Remember: It is fine, even beneficial to pause/reflect on your answers. You will get questions you didn’t expect and interviewers like to know that you can be thoughtful. It is also acceptable to admit that you don’t know the answer to a question. You are fallible and the interviewer knows it but it’s disarming when we are honest about our foibles.

Arrive on Time!

Whether traveling or not, check and double check with both your recruiter and the client to ensure you have the right information about their location. With on-line mapping you have no excuse for getting lost. If you’re not sure how far your hotel is from the address, take a trial run the night before. Whatever you do, don’t get there late.

However, getting there too early is not good either. Shoot for no earlier than 15 minutes ahead of the appointment to no later than 5 minutes before. Your recruiter should tell you if there will be any documents you’ll need to read/fill-in before the interview. If there are, ask how long they’ll take and whether the itinerary includes that in the timeline.

Your Questions

The process is about making sure that this is a job and a company you want to pursue. Have your questions prepared ahead of time so that you get all the information you need to make an informed decision.

  • Why are you having to go to the outside to fill this position rather than promoting from within? The answer to this question will give you a better job description. It will let you know whether anyone within the company wanted the job (e.g. there is something ugly about it) or if none of the current employees were qualified (e.g. are your future peers weak?).
  • How many people have held this position in the last five years? If turnover has been high your radar will react quickly. If the previous people in the position have all been promoted though, this position is a stepping stone within the company.
  • What are some examples of the best results produced by previous holders of this position? With this question you’ll be able to discern your qualifications.

Other questions to consider: 

  • What will my responsibilities and duties be?
  • What are the most challenging aspects of this position in your view? 
  • Can you describe a typical day in this position? 
  • What is the company’s position/philosophy on training?
  • Have you had any recent downsizing or right-sizing? Why? How was it handled?
  • How do you think I would fit into the job and into your organization? 
  • May I see my work area?
  • May I meet some of my future colleagues?

Concluding the Interview

The reality is that most companies will not be prepared to make an offer on the spot. However, you don’t want to leave without being clear about the next steps. Before you ask any questions though about their interest or desire in pursuing you further, make sure you have enough information to know that you want to be pursued.

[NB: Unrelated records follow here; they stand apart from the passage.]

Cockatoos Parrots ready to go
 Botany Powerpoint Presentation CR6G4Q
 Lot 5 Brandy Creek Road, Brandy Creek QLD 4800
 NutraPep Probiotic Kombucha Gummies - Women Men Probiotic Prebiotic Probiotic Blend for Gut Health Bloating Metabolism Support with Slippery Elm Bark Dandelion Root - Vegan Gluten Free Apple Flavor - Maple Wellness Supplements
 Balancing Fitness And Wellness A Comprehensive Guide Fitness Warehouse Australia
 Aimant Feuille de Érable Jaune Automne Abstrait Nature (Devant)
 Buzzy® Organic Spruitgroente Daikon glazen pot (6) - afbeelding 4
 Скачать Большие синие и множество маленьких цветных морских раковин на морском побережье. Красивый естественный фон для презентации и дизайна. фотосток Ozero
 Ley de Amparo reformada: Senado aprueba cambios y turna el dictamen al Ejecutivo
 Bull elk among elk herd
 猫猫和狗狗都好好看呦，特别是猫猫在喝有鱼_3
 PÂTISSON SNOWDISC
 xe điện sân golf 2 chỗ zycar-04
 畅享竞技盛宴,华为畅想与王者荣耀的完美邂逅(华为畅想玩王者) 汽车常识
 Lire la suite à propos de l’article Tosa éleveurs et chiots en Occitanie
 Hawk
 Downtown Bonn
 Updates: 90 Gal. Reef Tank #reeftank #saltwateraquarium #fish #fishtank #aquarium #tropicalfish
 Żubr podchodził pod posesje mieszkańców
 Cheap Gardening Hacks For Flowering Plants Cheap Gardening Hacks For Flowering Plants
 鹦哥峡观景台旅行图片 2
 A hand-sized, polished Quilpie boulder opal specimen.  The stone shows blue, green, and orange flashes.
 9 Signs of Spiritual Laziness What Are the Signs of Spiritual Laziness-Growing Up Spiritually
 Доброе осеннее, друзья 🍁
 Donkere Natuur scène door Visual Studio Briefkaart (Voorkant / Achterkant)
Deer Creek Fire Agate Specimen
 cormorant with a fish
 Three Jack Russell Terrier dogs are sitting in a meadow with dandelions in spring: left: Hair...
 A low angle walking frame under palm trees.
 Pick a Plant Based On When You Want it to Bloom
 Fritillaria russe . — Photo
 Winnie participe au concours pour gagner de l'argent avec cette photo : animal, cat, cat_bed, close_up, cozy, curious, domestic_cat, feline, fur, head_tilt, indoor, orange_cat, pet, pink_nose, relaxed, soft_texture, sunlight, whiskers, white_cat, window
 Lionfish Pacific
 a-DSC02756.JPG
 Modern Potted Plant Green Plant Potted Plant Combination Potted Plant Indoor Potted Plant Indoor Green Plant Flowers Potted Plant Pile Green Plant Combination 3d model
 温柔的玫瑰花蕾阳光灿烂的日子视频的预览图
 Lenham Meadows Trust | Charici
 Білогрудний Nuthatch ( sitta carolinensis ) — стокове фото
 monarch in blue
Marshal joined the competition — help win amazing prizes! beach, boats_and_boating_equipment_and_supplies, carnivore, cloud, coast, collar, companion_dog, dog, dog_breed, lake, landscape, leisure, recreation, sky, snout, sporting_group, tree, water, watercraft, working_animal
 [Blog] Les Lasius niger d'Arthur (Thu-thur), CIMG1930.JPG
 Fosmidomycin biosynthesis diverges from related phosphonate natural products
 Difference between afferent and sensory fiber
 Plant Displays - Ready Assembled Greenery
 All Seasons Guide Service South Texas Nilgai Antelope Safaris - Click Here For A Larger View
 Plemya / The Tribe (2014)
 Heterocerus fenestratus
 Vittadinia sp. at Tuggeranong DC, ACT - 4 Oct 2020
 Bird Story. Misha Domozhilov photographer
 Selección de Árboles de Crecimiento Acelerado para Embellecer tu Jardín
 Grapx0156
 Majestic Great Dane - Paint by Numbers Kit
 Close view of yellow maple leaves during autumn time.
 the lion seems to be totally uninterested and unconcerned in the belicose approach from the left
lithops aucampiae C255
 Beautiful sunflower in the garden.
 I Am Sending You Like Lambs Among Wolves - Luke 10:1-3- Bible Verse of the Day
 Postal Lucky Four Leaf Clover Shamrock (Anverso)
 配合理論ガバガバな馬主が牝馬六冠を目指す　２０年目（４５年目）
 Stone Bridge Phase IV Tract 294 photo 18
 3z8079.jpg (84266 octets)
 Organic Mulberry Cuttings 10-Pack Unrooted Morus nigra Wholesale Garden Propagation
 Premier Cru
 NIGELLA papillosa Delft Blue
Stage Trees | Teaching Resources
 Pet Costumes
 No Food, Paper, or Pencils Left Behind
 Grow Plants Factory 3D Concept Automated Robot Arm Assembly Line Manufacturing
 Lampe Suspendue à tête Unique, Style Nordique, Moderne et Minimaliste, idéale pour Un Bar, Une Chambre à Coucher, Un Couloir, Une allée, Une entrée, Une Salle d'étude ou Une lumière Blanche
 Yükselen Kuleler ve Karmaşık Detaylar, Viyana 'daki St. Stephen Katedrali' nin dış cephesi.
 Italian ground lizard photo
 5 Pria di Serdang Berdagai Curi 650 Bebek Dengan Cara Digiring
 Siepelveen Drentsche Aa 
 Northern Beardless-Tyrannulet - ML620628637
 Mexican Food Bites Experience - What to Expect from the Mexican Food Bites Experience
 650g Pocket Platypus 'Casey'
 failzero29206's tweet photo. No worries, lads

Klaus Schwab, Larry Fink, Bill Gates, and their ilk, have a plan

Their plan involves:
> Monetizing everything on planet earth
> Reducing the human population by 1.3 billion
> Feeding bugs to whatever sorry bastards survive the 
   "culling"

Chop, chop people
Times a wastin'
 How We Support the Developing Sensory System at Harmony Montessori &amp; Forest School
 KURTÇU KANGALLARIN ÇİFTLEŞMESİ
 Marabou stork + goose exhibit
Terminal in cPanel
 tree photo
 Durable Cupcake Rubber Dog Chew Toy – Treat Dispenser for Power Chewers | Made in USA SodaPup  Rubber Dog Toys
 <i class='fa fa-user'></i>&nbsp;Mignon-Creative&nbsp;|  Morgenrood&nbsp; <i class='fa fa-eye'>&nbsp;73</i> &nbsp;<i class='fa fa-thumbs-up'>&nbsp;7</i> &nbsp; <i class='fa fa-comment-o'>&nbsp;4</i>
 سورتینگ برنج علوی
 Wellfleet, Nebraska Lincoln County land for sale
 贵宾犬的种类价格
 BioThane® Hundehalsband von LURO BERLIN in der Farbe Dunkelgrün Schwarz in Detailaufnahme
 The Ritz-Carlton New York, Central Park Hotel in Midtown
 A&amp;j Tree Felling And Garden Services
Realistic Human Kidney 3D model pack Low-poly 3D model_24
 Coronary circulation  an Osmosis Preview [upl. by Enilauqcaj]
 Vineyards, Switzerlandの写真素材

If you like what you’ve learned and want to continue moving forward, formulate 2 questions like these:

  • First: “I’ve learned a lot today, but it is important for me to know if I have provided enough information for you to determine whether I have what you need for this position.”
  • Second: If no, you want to draw out their objections. “Thank you; I’m glad I asked. If I may, what’s missing?” Or, if yes, “Great. What is our next step?”

Important advice: Regardless of what question you are asking at any stage of the interview, once you have asked sit quietly and wait for an answer. We get unsettled during “pregnant pauses” and feel an overwhelming need to fill the silence. Don’t. If the question was worth asking in the first place, it is worth waiting for them to answer.

Follow-Up to the Interview

NEVER take thank you letters along with you and leave them at the front desk on the way out. Why? If you think about it from the company’s perspective you have just indicated to them that interviewing is something you’ve done a lot of and you have even been able to standardize on your thank you letter. BAD APPROACH.

Make sure you get a business card from everyone that interviews you and take the time to personalize your thank you to each one when you get back home. Yes, it is okay to forward the thank you letter as an attachment to an email but always follow that with a printed, signed and mailed version.